Suppose that the time required to complete a 1040R tax form is normal distributed with a mean of 110 minutes and a standard deviation of 10 minutes. What proportion of 1040R tax forms will be completed in less than 91 minutes? Round your answer to at least four decimal places.

Step 1 ：We are given a normal distribution with a mean of 110 minutes and a standard deviation of 10 minutes. We are asked to find the proportion of tax forms that will be completed in less than 91 minutes.

Step 2 ：To solve this problem, we can use the Z-score formula which is \((X - μ) / σ\), where X is the value we are interested in, μ is the mean, and σ is the standard deviation.
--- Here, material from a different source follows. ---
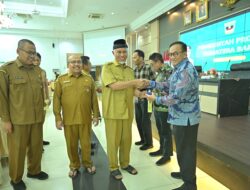Pemerintah Provinsi Sumatera Barat Lepas Tugas Tiga Pimpinan Pratama yang Telah Menyelesaikan Masa Bhakti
The Z-score tells us how many standard deviations away from the mean our value is.

Step 3 ：Substituting the given values into the Z-score formula, we get \((91 - 110) / 10 = -1.9\).

Step 4 ：Once we have the Z-score, we can use a Z-table to find the proportion of values that are less than our value. The proportion corresponding to a Z-score of -1.9 is approximately 0.0287.

Step 5 ：This means that about 2.87% of the tax forms will be completed in less than 91 minutes.

Step 6 ：Final Answer: The proportion of 1040R tax forms that will be completed in less than 91 minutes is approximately \(\boxed{0.0287}\) or \(\boxed{2.87\%}\).